(Extracted records)
----

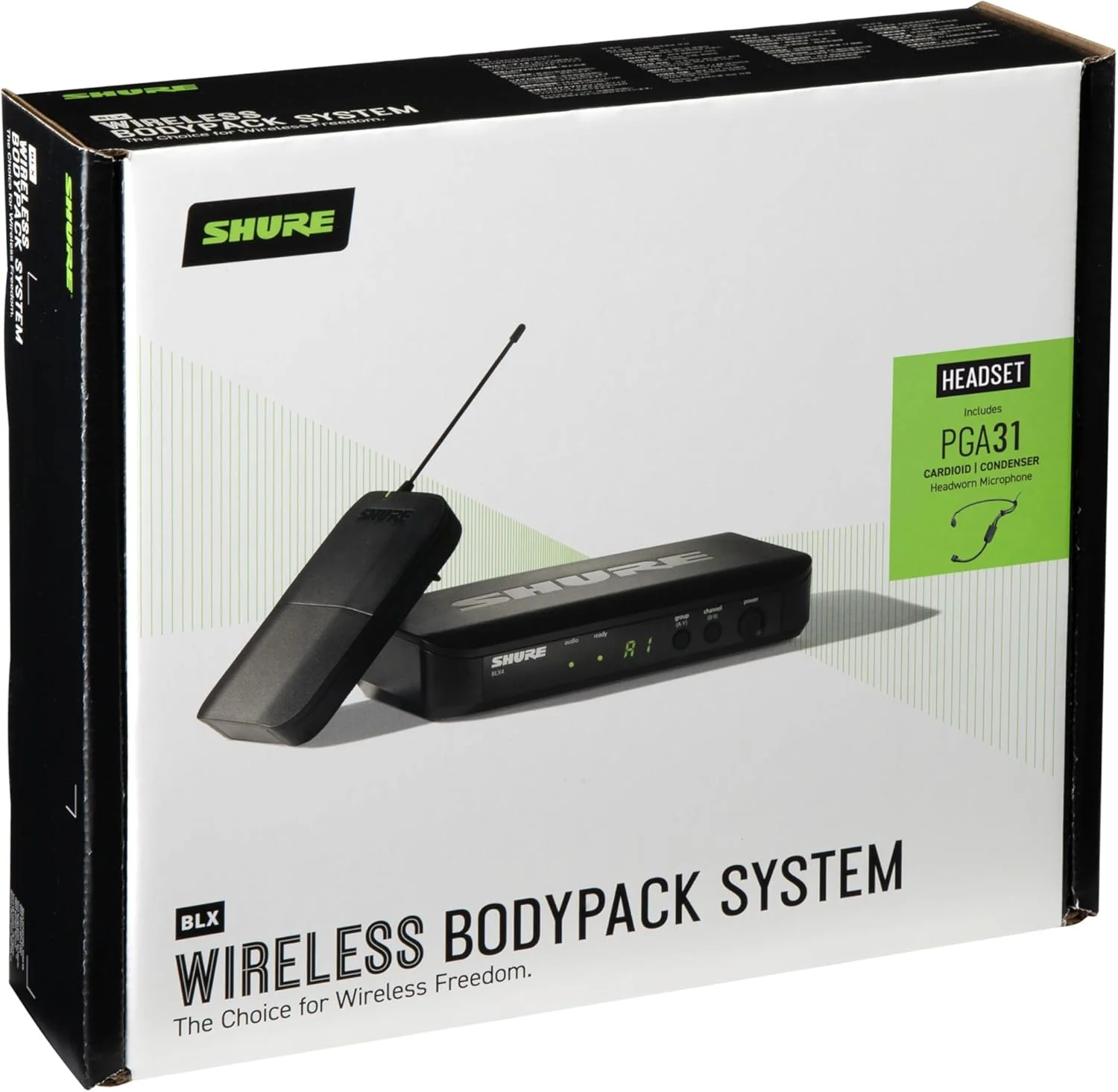 Shure BLX14/P31 - Système sans fil micro série PG headset - Image 11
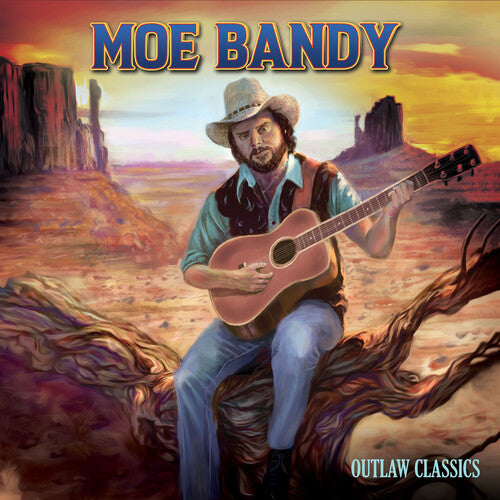 Moe Bandy: Outlaw Classics - VINYL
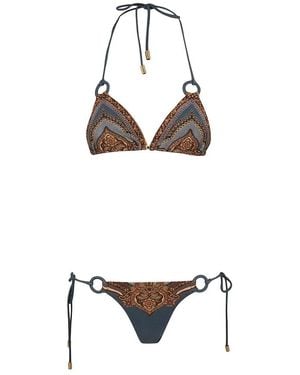 Zimmermann Bikinis - Negro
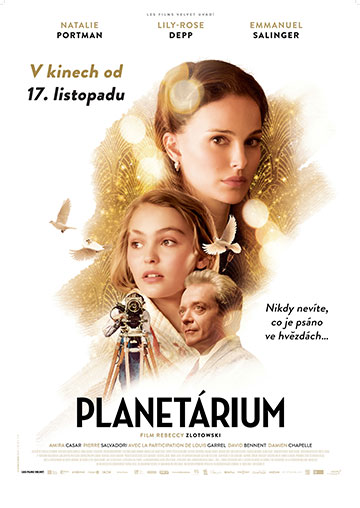 film Planetárium (2016)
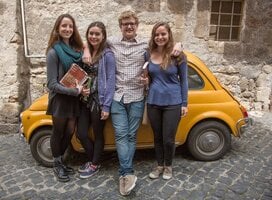 High school study abroad in Italy with SYA.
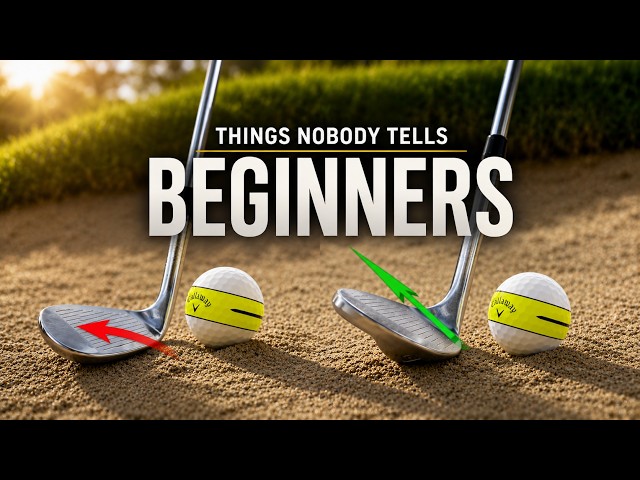 New Bunker Technique Makes BEGINNERS & HIGH HANDICAPS Look Like Tour Pros
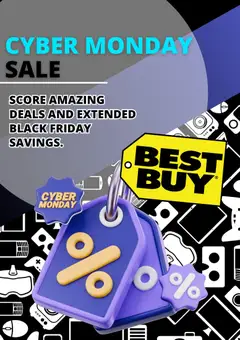 Preview of Best Buy - Cyber Monday from shop Best Buy valid from 01.12.2025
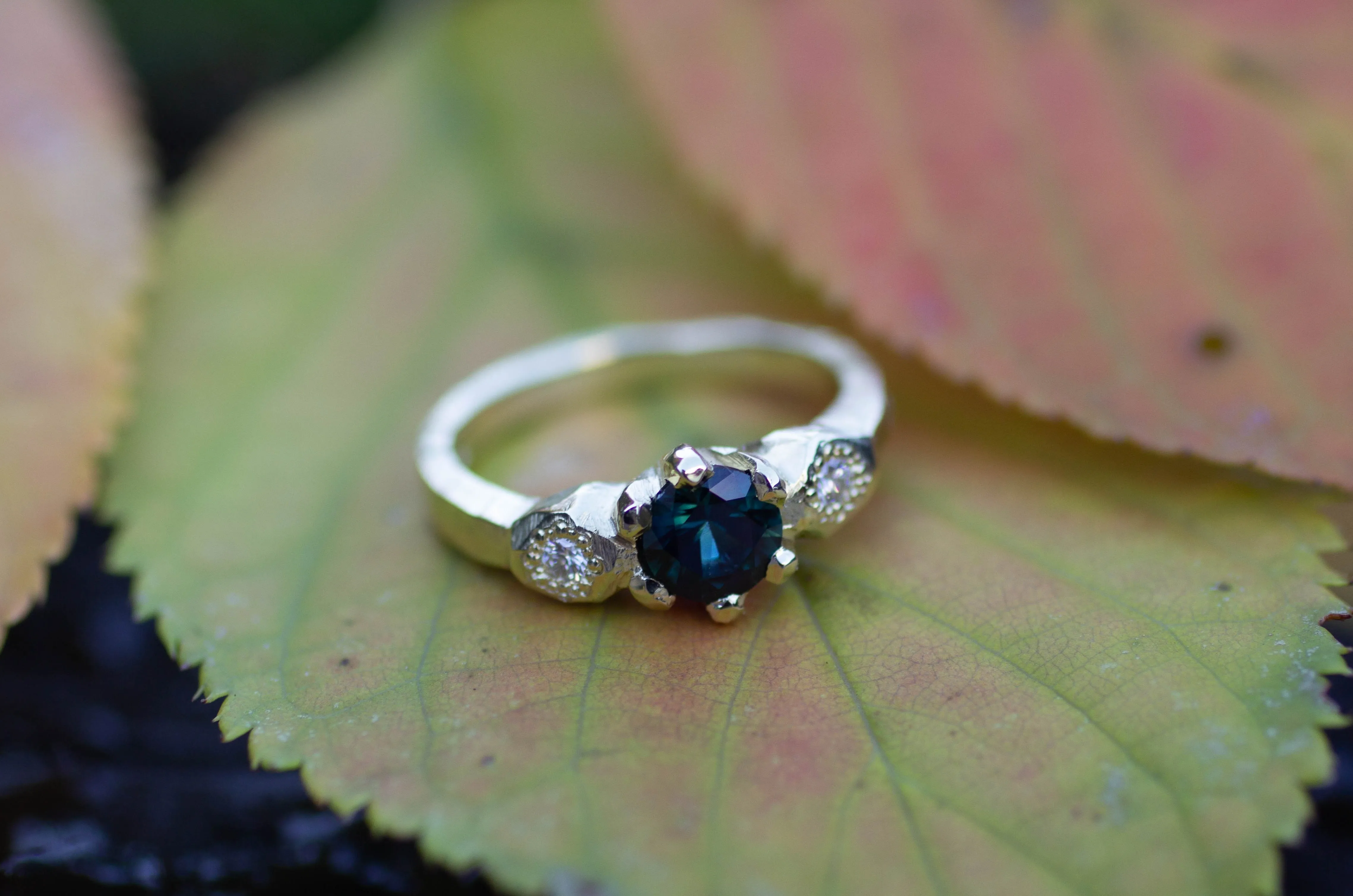 Selene Ring - Build Your Own sold by Sophie Divett Jewelry product image thumbnail 4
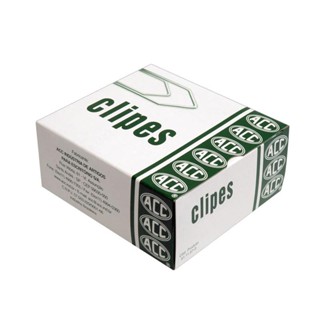 Clips galvanizado NR 3/0 com 50 unidades ACC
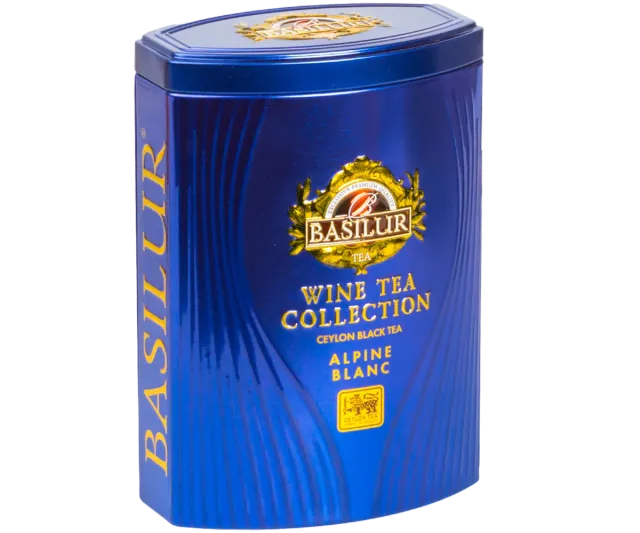 Basilur Wine Tea Alpine Blanc te 75g alkoholfri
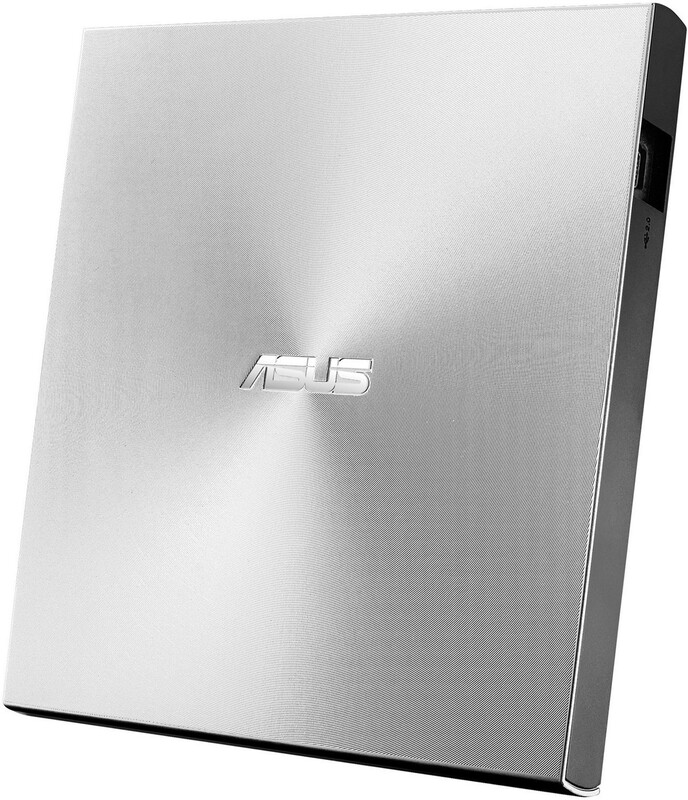 Оптичний привід DVD+/-RW Asus ZenDrive U8M (SDRW-08U8M-U/SIL/G/AS/P2G) Silver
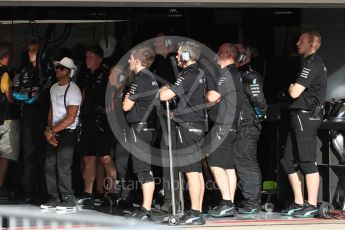 World © Octane Photographic Ltd. Formula 1 - American Grand Prix - Saturday - Qualifying. Nic Hamilton. Circuit of the Americas, Austin, Texas, USA. Saturday 21st October 2017. Digital Ref: 1991LB1D7784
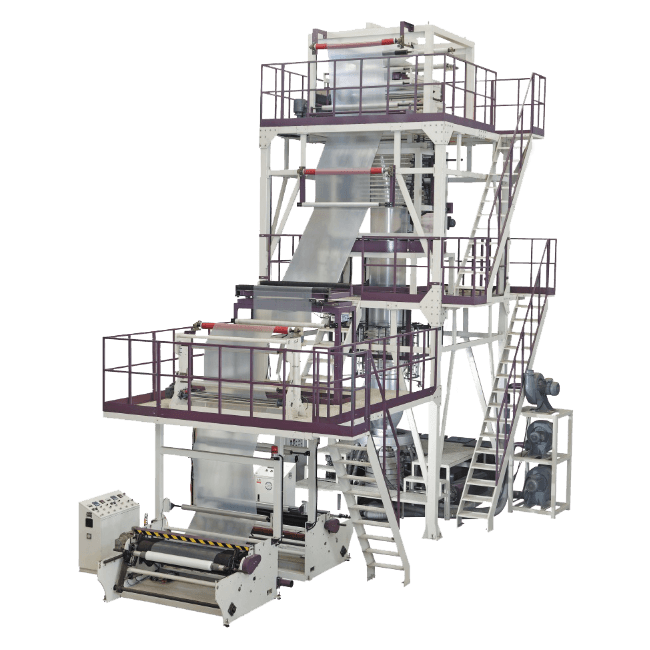 Blasfolienmaschine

----

Exercise:
Write each entry again exactly, minus any images.

Answer below:
 Shure BLX14/P31 - Système sans fil micro série PG headset - Image 11
 Moe Bandy: Outlaw Classics - VINYL
 Zimmermann Bikinis - Negro
 film Planetárium (2016)
 High school study abroad in Italy with SYA.
 New Bunker Technique Makes BEGINNERS & HIGH HANDICAPS Look Like Tour Pros
 Preview of Best Buy - Cyber Monday from shop Best Buy valid from 01.12.2025
 Selene Ring - Build Your Own sold by Sophie Divett Jewelry product image thumbnail 4
 Clips galvanizado NR 3/0 com 50 unidades ACC
 Basilur Wine Tea Alpine Blanc te 75g alkoholfri
 Оптичний привід DVD+/-RW Asus ZenDrive U8M (SDRW-08U8M-U/SIL/G/AS/P2G) Silver
 World © Octane Photographic Ltd. Formula 1 - American Grand Prix - Saturday - Qualifying. Nic Hamilton. Circuit of the Americas, Austin, Texas, USA. Saturday 21st October 2017. Digital Ref: 1991LB1D7784
 Blasfolienmaschine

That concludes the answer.